1

SO I tried to make an unsafe fast method to count lines. I previously used StringReader, but wanted to see if I could make something faster.

So is this code valid, it seems to work but it looks a bit confusing,

and I am very new to C# pointers so I might be doing something bad.

Original Method:

//Return number of (non Empty) lines
private static int getLineCount(string input)
{
    int lines = 0;
    string line = null;

    //Don't count Empty lines
    using (StringReader reader = new StringReader(input))
        while ((line = reader.ReadLine()) != null)
            if (!string.IsNullOrWhiteSpace(line))
                lines++;

    return lines;
}

Unsafe Method:

//Return number of (non Empty) lines (fast method using pointers)
private unsafe static int getLineCountUnsafe(string input)
{
    int lines = 0;

    fixed (char* strptr = input)
    {

        char* charptr = strptr;
        int length = input.Length;
        //Don't count Empty lines
        for (int i = 0; i < length; i++)
        {
            char c = *charptr;
            //If char is an empty line, look if it's empty
            if (c == '\n' || c == '\r')
            {
                //If char is empty, continue till it's not
                while (c == '\n' || c == '\r')
                {
                    if (i >= length)
                        return lines;
                    i++;
                    charptr++;
                    c = *charptr;
                }
                //Add a line when line is not just a new line (empty)
                lines++;
            }
            charptr++;
        }

        return lines;
    }
}

Benchmark:

(Looped through 100000, 10 times)
Total Milliseconds used.

Safe(Original) - AVG = 770.10334, MIN = 765.678, MAX = 778.0017 , TOTAL 07.701
Unsafe - AVG = 406.91843, MIN = 405.7931, MAX = 408.5505 , TOTAL 04.069

EDIT:

It seems that the Unsafe version isn't always correct, if it's one line it won't count it, been trying to solve it without making it count too many;(

Zerowalker
  • 761
  • 2
  • 8
  • 27
  • 2
    Did your *complicated* method actually makes your operation faster? – Niyoko Nov 15 '16 at 13:20
  • In my tests, yeah, from about "700ms" to about "300-400ms" i think. – Zerowalker Nov 15 '16 at 13:22
  • 1
    Describe *valid*? If you asking does it work, then shouldn't you test it? – Liam Nov 15 '16 at 13:22
  • 1
    This should probably be moved to [Code Review](http://codereview.stackexchange.com).
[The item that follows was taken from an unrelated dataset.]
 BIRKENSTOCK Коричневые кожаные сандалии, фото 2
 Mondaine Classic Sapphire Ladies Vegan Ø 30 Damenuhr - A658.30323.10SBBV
Also, I think this code requires the entire file to be loaded into memory, which is okay if one wants to explicitly count lines in a string, but sub-optimal if we're talking about huge files. (edited to add the last sentence) – s.m. Nov 15 '16 at 13:22
  • what i mean with Valid is, it doesn't do anything "illegal" or what not? I mean, i don't know much of unsafe code, so this is just something i messed around to make. I don't show it to be reviewed per say, as the code Might be broken. In my tests it seems to give the same results as the original code, so i can just assume it works as intended. Would just like ppl who know how pointers work to say if i am doing anything bad etc. Sorry for being unclear. – Zerowalker Nov 15 '16 at 13:25
  • *"700ms" to about "300-400ms" i think* ... don't think, use a stopwatch or the visual studio build in timer. Code reviews belong to another website as already mentioned by s.m. – Jim Nov 15 '16 at 13:27
  • Do you actually need this micro optimization? – L-Four Nov 15 '16 at 13:30
  • 1
    @Jim , i meant as in (don't remember). I posted the benchmark. L-Four , not really, it's more for learning pointers and having some fun:) – Zerowalker Nov 15 '16 at 13:35
  • Ok fair enough :) – L-Four Nov 15 '16 at 13:36

1 Answers1

3

Your second implementation seems okay, but don't bother too much with learning unsafe, it is not so widely used in C#, neither pointers. This is getting close to C++. The time difference between the both approaches might come from the avoiding garbage collector to collect any memory inside the method until it is done (because of the fixed keyword).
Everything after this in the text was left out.